While plaintiff-appellant does not know precisely how the slush came to accumulate on the mat or how long it had been there, it is reasonable to infer, given the time of year, that the slush was tracked into the entryway by other patrons of Marc's. It is also apparent from the testimony presented that this condition was equally obvious to both the premises owner and plaintiff-appellant to the extent that plaintiff-appellant could reasonably be expected to protect herself accordingly. Sollo, supra, at 3, McCornell v. Bridges (Dec. 18, 1997), Cuyahoga App. No. 71988, unreported, Morgan v. Eastown Eagle Supermarket (Nov. 14, 1991), Cuyahoga App. No. 59359, unreported.


In addition, plaintiff-appellant's position that the storm mat somehow caused an unnatural accumulation of ice and snow to accumulate in the entryway of the store is unsupported by the record. There is no evidence that the mat itself caused plaintiff- appellant's fall in any way.
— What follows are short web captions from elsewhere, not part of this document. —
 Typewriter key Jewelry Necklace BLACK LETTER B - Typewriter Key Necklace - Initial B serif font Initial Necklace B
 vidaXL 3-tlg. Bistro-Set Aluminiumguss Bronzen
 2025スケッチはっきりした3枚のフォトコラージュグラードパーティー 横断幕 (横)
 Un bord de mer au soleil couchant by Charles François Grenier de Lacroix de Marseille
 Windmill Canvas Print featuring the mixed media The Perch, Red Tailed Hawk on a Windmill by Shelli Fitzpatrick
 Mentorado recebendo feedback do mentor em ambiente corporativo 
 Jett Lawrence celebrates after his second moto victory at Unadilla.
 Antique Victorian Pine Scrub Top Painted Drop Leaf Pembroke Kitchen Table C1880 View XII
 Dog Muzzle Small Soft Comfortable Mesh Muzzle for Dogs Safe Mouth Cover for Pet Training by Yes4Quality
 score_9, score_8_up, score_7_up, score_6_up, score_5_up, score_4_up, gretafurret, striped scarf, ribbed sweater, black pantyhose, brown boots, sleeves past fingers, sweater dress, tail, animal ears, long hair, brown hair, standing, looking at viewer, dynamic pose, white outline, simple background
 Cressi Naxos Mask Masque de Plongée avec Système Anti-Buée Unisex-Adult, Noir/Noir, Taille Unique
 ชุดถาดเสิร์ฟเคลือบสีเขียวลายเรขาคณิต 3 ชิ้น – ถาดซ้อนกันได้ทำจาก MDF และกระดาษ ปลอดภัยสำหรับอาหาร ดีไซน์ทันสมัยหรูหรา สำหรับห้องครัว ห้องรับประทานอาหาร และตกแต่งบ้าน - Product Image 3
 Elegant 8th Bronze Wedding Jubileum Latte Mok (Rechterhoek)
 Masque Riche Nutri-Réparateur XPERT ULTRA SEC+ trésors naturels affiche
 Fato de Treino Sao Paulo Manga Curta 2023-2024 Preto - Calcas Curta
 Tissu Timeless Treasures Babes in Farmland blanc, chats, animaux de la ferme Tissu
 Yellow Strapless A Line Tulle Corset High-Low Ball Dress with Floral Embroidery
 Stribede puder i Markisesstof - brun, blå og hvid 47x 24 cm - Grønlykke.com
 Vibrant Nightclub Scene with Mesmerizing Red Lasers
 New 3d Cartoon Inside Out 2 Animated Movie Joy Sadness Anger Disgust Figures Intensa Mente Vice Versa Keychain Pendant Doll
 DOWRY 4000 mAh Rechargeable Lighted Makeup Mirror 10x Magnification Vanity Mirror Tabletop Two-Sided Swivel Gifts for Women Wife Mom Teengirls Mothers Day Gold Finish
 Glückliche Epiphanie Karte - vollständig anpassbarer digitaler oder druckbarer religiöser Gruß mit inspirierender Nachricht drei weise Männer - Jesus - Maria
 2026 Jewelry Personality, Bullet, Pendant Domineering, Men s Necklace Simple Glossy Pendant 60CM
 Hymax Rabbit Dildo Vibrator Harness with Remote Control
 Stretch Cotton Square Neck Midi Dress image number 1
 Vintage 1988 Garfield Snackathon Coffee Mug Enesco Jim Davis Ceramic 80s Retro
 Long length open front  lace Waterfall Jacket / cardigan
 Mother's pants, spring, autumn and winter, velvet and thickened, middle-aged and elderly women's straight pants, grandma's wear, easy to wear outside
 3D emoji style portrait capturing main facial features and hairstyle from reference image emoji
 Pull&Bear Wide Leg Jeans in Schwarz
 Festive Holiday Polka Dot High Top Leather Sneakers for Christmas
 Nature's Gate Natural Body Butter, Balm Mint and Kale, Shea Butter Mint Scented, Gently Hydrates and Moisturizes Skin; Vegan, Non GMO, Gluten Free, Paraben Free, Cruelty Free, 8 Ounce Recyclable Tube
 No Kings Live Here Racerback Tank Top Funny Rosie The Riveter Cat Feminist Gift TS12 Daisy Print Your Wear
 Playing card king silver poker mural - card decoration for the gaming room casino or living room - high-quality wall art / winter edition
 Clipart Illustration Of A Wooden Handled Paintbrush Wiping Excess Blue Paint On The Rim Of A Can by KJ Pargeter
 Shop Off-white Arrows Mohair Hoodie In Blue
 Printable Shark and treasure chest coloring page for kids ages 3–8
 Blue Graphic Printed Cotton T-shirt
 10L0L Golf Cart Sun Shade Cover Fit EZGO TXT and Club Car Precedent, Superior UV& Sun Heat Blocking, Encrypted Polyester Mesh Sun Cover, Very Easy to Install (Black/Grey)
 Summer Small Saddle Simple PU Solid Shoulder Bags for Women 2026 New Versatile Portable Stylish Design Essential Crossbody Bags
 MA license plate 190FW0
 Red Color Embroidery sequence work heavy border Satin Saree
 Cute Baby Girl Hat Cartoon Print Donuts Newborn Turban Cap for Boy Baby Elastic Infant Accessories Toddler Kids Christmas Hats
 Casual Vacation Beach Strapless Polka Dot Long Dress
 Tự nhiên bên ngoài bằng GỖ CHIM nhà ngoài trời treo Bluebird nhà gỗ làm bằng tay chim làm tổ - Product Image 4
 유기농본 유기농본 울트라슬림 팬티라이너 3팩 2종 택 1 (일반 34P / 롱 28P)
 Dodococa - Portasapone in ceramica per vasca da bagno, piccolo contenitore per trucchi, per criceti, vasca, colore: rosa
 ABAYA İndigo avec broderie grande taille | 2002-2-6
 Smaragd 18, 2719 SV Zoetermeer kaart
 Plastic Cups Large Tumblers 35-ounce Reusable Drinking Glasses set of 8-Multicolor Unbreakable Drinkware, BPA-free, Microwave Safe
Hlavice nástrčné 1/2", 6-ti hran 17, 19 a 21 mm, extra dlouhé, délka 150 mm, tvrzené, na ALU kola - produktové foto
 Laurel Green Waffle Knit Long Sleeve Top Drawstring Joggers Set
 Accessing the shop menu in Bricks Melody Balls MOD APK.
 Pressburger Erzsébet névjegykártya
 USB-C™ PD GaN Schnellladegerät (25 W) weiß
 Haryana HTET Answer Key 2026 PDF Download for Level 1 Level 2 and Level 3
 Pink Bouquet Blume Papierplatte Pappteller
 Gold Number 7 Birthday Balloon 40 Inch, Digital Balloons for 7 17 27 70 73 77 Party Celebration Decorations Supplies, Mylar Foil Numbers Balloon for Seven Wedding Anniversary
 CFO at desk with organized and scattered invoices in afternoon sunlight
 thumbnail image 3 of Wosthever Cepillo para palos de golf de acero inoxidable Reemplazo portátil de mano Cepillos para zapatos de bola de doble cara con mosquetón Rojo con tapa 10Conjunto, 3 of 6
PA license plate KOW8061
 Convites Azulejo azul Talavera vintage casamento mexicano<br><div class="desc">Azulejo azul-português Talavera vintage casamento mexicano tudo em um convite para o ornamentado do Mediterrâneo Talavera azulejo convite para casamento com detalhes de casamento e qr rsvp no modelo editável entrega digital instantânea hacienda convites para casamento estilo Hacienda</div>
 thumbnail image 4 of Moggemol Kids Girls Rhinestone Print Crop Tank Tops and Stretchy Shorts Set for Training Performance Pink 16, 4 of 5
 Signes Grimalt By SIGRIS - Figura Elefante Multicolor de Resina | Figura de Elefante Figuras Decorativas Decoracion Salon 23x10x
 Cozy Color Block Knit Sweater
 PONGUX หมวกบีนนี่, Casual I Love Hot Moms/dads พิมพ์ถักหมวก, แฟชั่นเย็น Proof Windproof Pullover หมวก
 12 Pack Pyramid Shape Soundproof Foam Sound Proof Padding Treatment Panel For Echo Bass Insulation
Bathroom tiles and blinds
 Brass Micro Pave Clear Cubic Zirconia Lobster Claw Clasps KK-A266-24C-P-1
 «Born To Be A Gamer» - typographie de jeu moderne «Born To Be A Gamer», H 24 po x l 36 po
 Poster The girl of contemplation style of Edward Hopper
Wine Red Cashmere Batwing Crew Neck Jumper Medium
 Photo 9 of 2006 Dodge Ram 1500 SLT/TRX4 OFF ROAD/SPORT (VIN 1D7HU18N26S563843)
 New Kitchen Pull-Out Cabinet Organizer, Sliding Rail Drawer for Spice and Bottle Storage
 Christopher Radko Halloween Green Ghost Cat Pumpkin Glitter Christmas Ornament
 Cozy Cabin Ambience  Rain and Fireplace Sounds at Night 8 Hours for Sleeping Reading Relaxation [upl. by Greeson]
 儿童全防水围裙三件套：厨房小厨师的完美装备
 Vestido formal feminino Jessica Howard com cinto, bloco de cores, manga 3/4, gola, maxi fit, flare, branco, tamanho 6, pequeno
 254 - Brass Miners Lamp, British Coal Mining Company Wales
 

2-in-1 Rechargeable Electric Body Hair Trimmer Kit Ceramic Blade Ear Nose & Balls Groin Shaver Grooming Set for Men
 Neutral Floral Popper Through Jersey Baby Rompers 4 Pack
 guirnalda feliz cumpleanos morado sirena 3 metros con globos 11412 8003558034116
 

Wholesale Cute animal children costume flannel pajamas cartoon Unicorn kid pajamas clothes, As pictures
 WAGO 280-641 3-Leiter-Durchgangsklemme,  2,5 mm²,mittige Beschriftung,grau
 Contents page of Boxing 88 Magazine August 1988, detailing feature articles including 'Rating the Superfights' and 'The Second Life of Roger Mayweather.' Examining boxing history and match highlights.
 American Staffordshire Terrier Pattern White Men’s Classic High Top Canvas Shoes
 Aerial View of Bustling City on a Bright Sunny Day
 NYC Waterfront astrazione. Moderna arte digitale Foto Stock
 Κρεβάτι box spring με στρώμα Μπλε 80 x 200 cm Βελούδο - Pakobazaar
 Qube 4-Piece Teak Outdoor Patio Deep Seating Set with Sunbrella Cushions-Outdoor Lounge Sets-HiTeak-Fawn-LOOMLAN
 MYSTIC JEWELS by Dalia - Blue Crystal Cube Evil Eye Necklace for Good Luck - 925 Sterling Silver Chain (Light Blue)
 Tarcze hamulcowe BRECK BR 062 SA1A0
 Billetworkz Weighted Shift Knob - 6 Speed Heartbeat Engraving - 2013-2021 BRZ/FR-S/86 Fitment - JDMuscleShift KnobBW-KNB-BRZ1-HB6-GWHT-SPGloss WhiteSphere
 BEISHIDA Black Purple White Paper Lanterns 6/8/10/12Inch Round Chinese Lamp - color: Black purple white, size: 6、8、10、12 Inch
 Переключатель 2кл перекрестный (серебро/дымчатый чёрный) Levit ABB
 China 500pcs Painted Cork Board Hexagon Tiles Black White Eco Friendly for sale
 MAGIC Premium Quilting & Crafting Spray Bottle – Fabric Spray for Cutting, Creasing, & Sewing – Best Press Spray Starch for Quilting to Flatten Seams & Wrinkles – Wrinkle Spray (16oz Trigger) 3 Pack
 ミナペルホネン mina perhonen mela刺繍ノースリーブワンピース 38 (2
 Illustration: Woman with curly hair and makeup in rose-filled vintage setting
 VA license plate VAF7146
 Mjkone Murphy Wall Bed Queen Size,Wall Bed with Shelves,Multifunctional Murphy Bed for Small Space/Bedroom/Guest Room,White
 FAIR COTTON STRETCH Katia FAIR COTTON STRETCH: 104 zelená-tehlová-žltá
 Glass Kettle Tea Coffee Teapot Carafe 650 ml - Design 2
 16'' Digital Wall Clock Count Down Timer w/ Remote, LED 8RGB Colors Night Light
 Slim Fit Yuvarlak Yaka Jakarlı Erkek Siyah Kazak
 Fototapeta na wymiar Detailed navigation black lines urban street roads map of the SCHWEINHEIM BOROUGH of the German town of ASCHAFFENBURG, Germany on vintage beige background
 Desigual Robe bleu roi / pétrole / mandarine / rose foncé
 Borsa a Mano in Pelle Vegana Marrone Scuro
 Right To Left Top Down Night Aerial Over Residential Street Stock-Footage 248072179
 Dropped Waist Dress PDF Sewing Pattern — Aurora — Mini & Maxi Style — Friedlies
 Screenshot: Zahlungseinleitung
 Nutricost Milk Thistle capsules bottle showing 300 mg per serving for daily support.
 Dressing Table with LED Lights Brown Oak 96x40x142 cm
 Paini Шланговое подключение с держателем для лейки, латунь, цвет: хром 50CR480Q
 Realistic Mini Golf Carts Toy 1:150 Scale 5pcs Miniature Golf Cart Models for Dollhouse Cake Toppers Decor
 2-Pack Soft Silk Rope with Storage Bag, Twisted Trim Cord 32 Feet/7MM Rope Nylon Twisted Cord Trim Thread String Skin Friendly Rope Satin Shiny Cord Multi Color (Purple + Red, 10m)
The mat did not slip nor did it fold or crease causing plaintiff-appellant to trip. There is simply no evidence that the placement of the storm mat rendered the condition of the linoleum floor in the entryway to the store more dangerous than if defendant-appellee had left the floor uncovered. Morgan, supra, at 2, Coletta v. University of Akron (Aug. 25, 1988), Franklin App. No. 88 AP-102, unreported.


For the foregoing reasons, plaintiff-appellant's sole assignment of error is not well taken.


Judgment of the trial court is affirmed.


It is ordered that appellee recover of appellant costs herein taxed.


The Court finds there were reasonable grounds for this appeal.


It is ordered that a special mandate issue out of this Court directing the Cuyahoga County Common Pleas Court to carry this judgment into execution.


A certified copy of this entry shall constitute the mandate pursuant to Rule 27 of the Rules of Appellate Procedure.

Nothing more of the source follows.